Verlen Kruger canoed the full length of the Mississippi River several times over his 82 years. For most people, just one trip would provide bragging rights to last a lifetime. Kruger wasn’t most people.
It’s not just that boasting wasn’t part of his repertoire, it’s that he logged an insane amount of miles in his canoe. With expeditions crisscrossing the entire Western Hemisphere, Kruger paddled more than 100,000 miles. That’s more than 42 runs of the Mississippi River, or four trips around the equator. Take your pick.

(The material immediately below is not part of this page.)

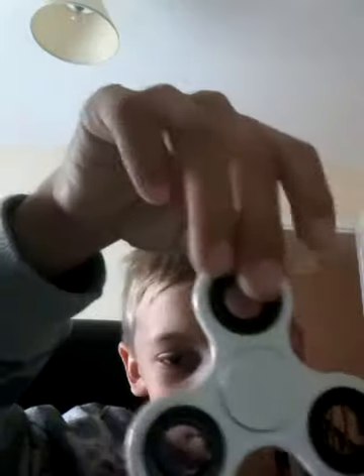Hello everyone! Today I'm going to make my fidget spinner video. It's gonna be quite short because I only have three fidget spinners. Anyway, let's do it! The first one I have is my...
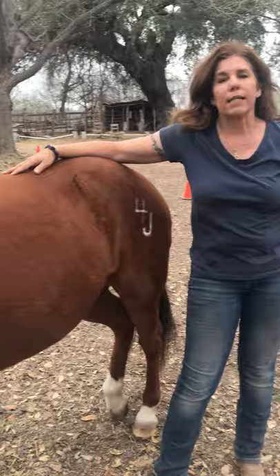Until next time, stay safe and have fun. And remember, horsemanship is nothing but good habits and skills. Good habits and skills in both horses and in life are nothing but determination and practice.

Born in 1922, Kruger grew into a charismatic and confident man. His friends would recall how he seemed fearless, excepting of course, his phobias of bears and armadillos, which he’d only cop to when talking in his sleep. At 41 years old, he started canoeing. He spent the next 41 years making up for lost time.
Driven by an obsessive devotion to his new sport, he redefined expedition canoeing. Measured by mileage or by ambition, his adventures were nothing short of colossal.
In 1971, at 49 years old, he and partner, Clint Waddell, followed old fur trading routes from Montreal, Canada, to the Bering Sea in Alaska. Dubbed the Cross Continent Canoe Safari, they covered approximately 7,000 miles in 176 days. It’s presumed to be the fastest time ever for that route.
Speed wasn’t always the primary goal. In 1980, Kruger and partner, Steve Landick, put in on the Red Rock River, in Red Rock, Montana, and didn’t stop until they’d covered 28,040 miles of North American rivers, lakes and coastal waters. The duo paddled from the Beaufort Sea to Cabo San Lucas and ran the lengths of the Pacific and Atlantic coastlines of the United States. For the inland segments, this audacious trip included upstream runs of the Mississippi and Colorado Rivers, including eddy-hopping up through the Grand Canyon. They finished in Lansing, Michigan, in December 1983.
Eager for more, Kruger expanded the latitudes for his next major expedition. From 1986 to 1989, he and Valerie Fons canoed 21,000 miles from the Northwest Territories, Canada, to Cape Horn, Tierra del Fuego, Chile. This expedition ramped up the danger. There were overnight open-water crossings on the Caribbean, flooded rivers, and navigational morasses through the maze of the South American river system.
In and around these big trips, Kruger tackled smaller events. In 2001, at age 79, he raced with Bob Bradford in the Mississippi River Challenge. They finished in 24 days and placed first. The next year, he celebrated his 80th birthday by running 2,040 miles of the Yukon River.
If it was his obsessive nature that drove him to take on expeditions of such massive scale, it also proved to be the spark that inspired nearly everyone he met. In finding his life’s passion at 41 years old, Kruger was an open book of encouragement for others to do the same.
“I believe that most people have such dreams. We need to reach out. And in reaching out, you grow, you learn, and you find out you can do things that you’re not sure you can do,” he said.
Kruger died in 2004. He’s been honored with statues, memorials and posthumous awards. His legacy survives in the more than 40 prototypes of expedition canoes he designed, three of which are still in production under the name Kruger Canoes (www.krugercanoes.com). His spirit lives on in everyone who follows their dreams with abandon. —Brook Sutton
Note: All mileages are approximate, due to differences in measuring techniques and
lack of precise location estimates. Despite these inconsistencies, Kruger’s achievement
of paddling more than 100,000 miles is not in dispute.